Kenya has emerged as the top destination for tech startup venture funding in Africa in 2024, displacing long-time leader Nigeria. A recent report by Africa-focused venture funding analytics firm, Africa: The Big Deal, reveals that Kenyan tech startups have attracted an impressive $437 million, accounting for 31% of the total venture capital raised across the continent so far this year. This is a significant milestone for Kenya, showcasing its growing appeal to investors.
Egypt Follows Close Behind
Not far behind, Egypt has secured the second position, raising $373 million in 2024, representing 27% of the total African tech startup funding. Combined, Kenya and Egypt account for 58% of the total venture capital flowing into the continent, a notable increase from previous years. This year marks both countries’ highest-ever share of funding, underscoring their growing influence in the African tech ecosystem.
Nigeria’s Decline in Venture Funding
Meanwhile, Nigeria, once a dominant player, has seen a steep decline in venture funding. The West African country managed to attract only $218 million in the first nine months of 2024, representing just 15% of the total funding—down significantly from its average of 35% between 2019 and 2022. This is despite a slight improvement from its 14% share in 2023. Nigeria’s downward trend has raised concerns about its ability to maintain its position among the Big 4 tech ecosystems in Africa.
South Africa’s Underperformance
South Africa has also struggled to maintain its venture funding momentum, attracting only $125 million in 2024, representing a mere 9% of the total funding on the continent. This is the country’s worst performance since 2019 when it accounted for just 6% of total African venture funding. Between 2020 and 2023, South Africa averaged 18% of the continent’s total venture capital, making 2024 a significant underperformance.
Q3 2024: Kenya and Egypt Dominate, Nigeria Falls Behind
In the third quarter of 2024, Kenya and Egypt continued to dominate venture funding. Egypt raised $272 million, accounting for 43% of the total $600 million investment into African tech startups, while Kenya secured $201 million (or 32%). Together, these two countries attracted three-quarters of the total funding in Africa during this period.
In contrast, Nigeria raised just $26 million in Q3, highlighting its underperformance. Notably, even Tanzania attracted more funding than Nigeria, securing $43 million. South Africa and Ghana also outperformed Nigeria, raising $40 million and $35 million, respectively.
The Big 4 Tech Ecosystems and Funding Distribution
Despite the challenges faced by Nigeria and South Africa, Africa’s Big 4 tech ecosystems—Kenya, Egypt, Nigeria, and South Africa—are still responsible for 82% of the total venture funding on the continent in 2024. The remaining 18% is spread across 23 other African markets, with countries like Tanzania, Ghana, Morocco, Uganda, and Rwanda each recording at least one $100k+ deal since the beginning of the year.
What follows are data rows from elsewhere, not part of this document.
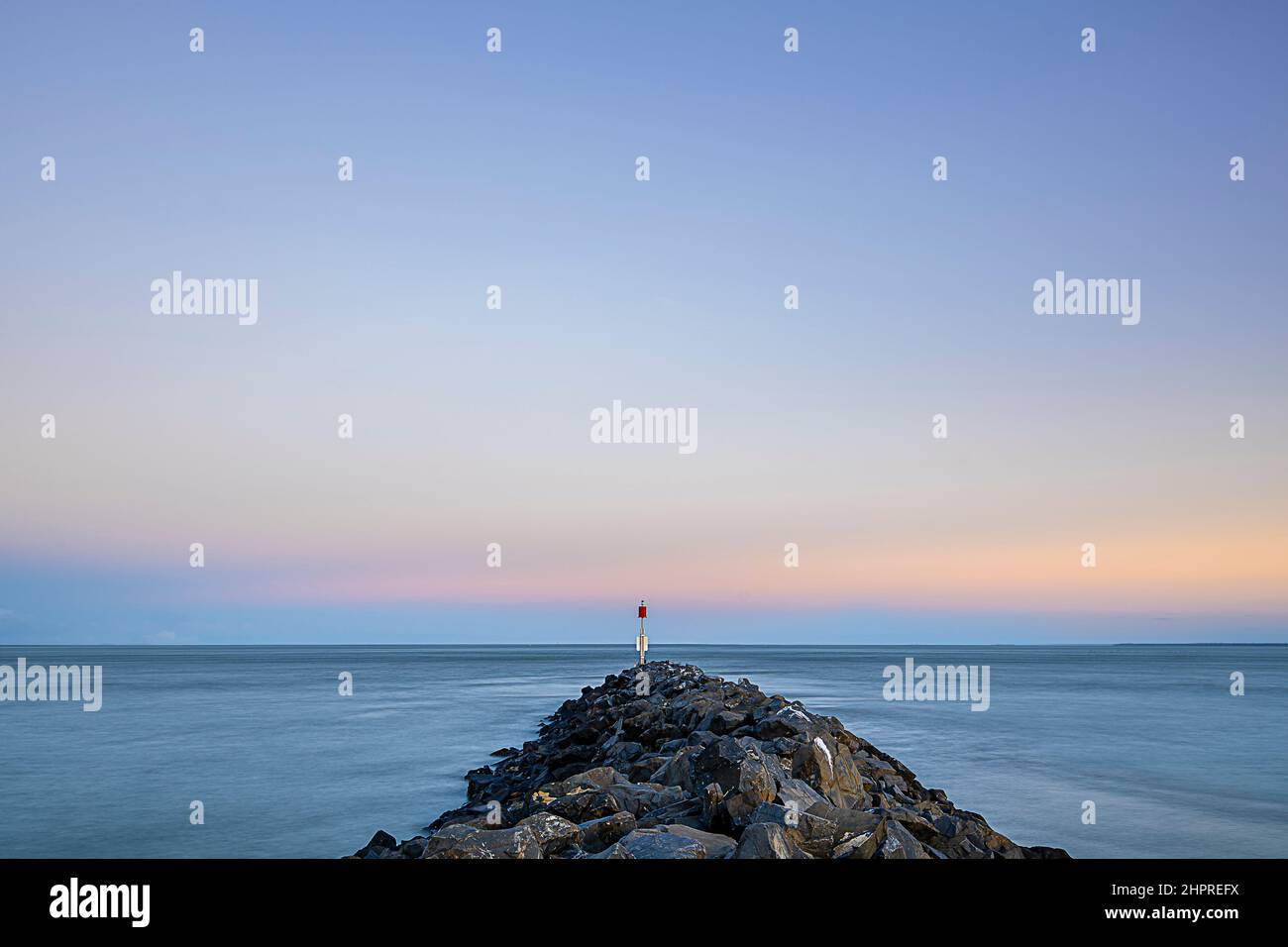 Stone wall and navigation marker, Hervey Bay, Queensland, Australia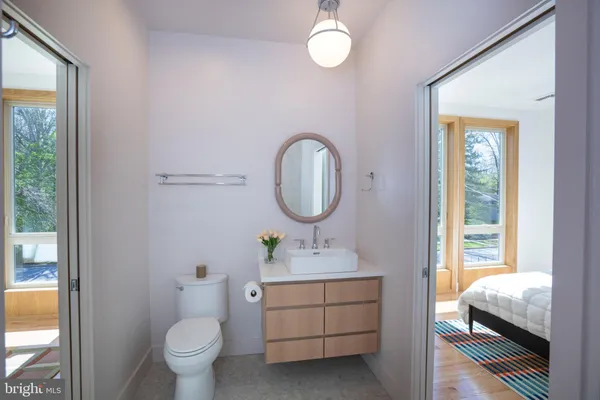 a bathroom with a toilet sink and mirror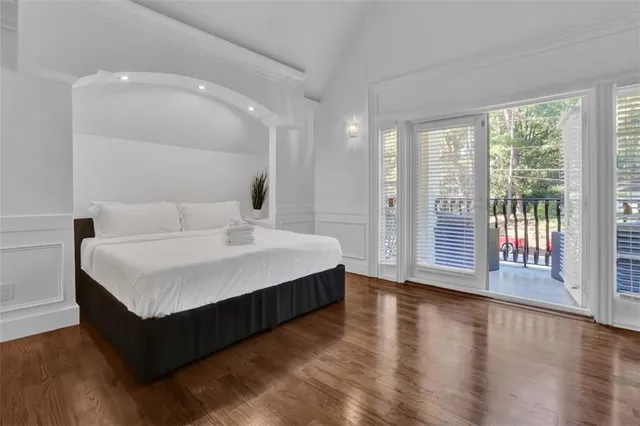 a bathroom with a sink mirror vanity and toilet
Gender Disparities in African Venture Funding
The gender disparity in African venture funding remains a critical issue. Male-led startups continue to dominate the funding landscape, with $1.4 billion of the total $1.463 billion going to tech startups with male CEOs, representing over 95% of the total funding. In stark contrast, startups with female CEOs received only $63 million, representing less than 5%, a decline from the 5.6% average seen between 2019 and 2023.
Startups founded solely by women received less than 1% of the total funding, a significant drop from the 2.1% average over the past four years. Furthermore, only 9% of the total African venture funding went to founding teams with at least one woman, a sharp decline from the 17% average between 2019 and 2023. This highlights the growing gender inequality in venture capital distribution across the continent.
Conclusion: A Shifting African Tech Landscape
As 2024 progresses, the African tech startup landscape is witnessing significant shifts. Kenya and Egypt have risen to the top, attracting the lion’s share of venture capital, while traditional powerhouses like Nigeria and South Africa have faced setbacks. Gender disparities in funding continue to worsen, with female-led startups struggling to secure investment. With the year still ongoing, it remains to be seen whether these trends will continue or if there will be a resurgence in other markets before year-end.